Conservation : Le parc national de Kahuzi Biega et le défi de la cohabitation avec les peuples autochtones pygmées

Le parc national de Kahuzi Biega (PNKB), dans la province du Sud-Kivu (RD Congo), est l’un des aires protégées qui connaissent des problèmes de cohabitation avec les communautés riveraines. Cette aire protégée de l’ICCN (Institut congolais pour la Conservation de la Nature) a été souvent au cœur des conflits récurrents de cohabitation entre les peuples autochtones pygmées et le parc.

Au cœur de ce conflit, se trouve la fameuse question de dépossession des communautés pygmées de leurs terres ancestrales, sans en être indemnisées.

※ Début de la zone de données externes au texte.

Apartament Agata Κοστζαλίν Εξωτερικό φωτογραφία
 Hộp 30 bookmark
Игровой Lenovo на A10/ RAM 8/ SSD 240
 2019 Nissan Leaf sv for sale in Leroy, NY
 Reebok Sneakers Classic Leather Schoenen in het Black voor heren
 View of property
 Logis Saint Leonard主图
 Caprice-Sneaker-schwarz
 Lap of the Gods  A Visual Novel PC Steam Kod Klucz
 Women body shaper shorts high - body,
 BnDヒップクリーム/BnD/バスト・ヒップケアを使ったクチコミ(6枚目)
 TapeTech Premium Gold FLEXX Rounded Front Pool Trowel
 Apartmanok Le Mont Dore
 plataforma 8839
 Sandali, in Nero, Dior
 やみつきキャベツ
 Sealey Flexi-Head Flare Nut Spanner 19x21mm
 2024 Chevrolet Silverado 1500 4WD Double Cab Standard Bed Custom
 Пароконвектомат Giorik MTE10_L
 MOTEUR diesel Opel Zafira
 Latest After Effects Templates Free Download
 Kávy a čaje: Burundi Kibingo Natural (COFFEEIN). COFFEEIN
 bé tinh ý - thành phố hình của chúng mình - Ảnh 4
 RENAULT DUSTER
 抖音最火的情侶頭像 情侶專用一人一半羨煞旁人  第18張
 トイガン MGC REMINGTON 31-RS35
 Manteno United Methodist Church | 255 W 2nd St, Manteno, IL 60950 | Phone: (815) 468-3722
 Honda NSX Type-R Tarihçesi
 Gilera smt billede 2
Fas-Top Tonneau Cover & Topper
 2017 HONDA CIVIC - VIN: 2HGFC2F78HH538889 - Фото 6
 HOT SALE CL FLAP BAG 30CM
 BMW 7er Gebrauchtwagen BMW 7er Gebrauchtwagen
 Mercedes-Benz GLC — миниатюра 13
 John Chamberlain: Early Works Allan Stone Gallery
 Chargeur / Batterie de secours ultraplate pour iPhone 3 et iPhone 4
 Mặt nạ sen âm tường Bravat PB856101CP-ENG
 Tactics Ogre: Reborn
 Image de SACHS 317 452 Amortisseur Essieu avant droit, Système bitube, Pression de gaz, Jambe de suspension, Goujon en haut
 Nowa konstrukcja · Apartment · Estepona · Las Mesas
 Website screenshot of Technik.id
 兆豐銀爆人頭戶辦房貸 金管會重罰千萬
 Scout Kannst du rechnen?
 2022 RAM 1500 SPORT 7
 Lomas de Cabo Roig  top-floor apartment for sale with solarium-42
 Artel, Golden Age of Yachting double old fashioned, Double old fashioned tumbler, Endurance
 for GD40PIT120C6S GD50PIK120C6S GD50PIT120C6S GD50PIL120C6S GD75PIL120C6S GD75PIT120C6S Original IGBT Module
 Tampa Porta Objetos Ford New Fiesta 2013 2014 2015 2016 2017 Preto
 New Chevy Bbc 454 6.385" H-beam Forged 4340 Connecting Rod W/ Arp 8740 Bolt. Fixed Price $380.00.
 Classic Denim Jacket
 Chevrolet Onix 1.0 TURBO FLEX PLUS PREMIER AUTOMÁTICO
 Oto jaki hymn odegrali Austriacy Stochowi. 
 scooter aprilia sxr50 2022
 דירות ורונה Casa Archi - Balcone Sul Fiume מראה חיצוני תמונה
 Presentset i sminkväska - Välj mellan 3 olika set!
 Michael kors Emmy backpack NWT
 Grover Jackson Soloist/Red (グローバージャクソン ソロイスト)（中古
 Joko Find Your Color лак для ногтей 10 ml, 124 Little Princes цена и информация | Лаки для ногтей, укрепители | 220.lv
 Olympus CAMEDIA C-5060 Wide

Dans une interview exclusive accordée à Environews TV, le directeur provincial de l’ICCN Sud-Kivu, et directeur du parc national de Kahuzi Biega, Dedieu Byaombe a éclairé l’opinion sur l’origine de ce conflit et la solution qui a amené le parc les peuples autochtones pygmées à cohabiter.

« Je suis d’accord lorsqu’on dit que les pygmées sont riverains de Kahuzi Biega. Mais pas d’accord lorsqu’on dit qu’ils ont été chassés de Kahuzi Biega », a indiqué Monsieur Byaombe. « En 1970, quand le parc a été créé, comme c’est une aire protégée de catégorie 2, on a interdit l’accès aux ressources aux peuples autochtones pygmées. Dire qu’ils ont été déguerpis, je dis non !».

L’humanisme comme solution efficace

L’humanisme est le 3ème pilier de la politique de l’ICCN. Cette politique menée par l’actuel comité de gestion de cet établissement public, veut remettre l’homme au centre de tout effort de conservation. Pour ce faire, la conservation communautaire se présente aujourd’hui comme une solution qui permet de conserver pour et par l’homme. Les peuples pygmées autour de ce parc font partie intégrante de cette stratégie.

« Nous travaillons pour améliorer les aspects socio-économiques de ces communautés. Il y’a des activités alternatives qui sont en train d’être développées, notamment l’élevage, l’agriculture durable etc. Nous venons de distribuer des semences améliorées à plus de 8 mille ménages », a précisé le directeur provincial de l’iCCN.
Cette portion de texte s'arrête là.